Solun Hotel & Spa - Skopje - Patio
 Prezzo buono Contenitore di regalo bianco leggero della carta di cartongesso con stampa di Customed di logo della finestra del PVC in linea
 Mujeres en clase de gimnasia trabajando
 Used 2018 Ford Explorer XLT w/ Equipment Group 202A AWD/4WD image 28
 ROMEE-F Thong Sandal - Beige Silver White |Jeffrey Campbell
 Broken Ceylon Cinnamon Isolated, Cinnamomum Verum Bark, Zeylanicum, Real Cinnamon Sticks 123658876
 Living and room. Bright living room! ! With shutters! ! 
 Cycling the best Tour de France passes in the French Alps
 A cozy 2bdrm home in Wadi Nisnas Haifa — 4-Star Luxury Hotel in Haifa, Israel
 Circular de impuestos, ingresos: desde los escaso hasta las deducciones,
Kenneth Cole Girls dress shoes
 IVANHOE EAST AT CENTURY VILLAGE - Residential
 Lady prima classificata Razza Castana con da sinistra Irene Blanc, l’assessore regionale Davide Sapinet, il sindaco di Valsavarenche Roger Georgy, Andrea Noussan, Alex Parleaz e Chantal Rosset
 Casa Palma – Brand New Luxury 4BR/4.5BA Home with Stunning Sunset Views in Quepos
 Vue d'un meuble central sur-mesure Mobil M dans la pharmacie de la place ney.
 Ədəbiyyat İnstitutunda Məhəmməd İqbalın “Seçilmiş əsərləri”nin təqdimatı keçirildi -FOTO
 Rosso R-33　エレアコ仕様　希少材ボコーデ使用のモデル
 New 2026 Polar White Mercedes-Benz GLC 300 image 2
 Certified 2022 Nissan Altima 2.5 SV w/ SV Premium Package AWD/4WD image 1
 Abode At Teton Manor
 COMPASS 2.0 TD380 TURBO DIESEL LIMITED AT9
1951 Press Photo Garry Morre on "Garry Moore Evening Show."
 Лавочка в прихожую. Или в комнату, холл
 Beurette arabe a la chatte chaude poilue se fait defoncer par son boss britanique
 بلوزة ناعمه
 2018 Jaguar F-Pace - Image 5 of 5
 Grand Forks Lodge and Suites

----------

What needs to be done:
If a line of the listing above holds the string "Hotel", copy it.

Reply to the task:
Solun Hotel & Spa - Skopje - Patio
 A cozy 2bdrm home in Wadi Nisnas Haifa — 4-Star Luxury Hotel in Haifa, Israel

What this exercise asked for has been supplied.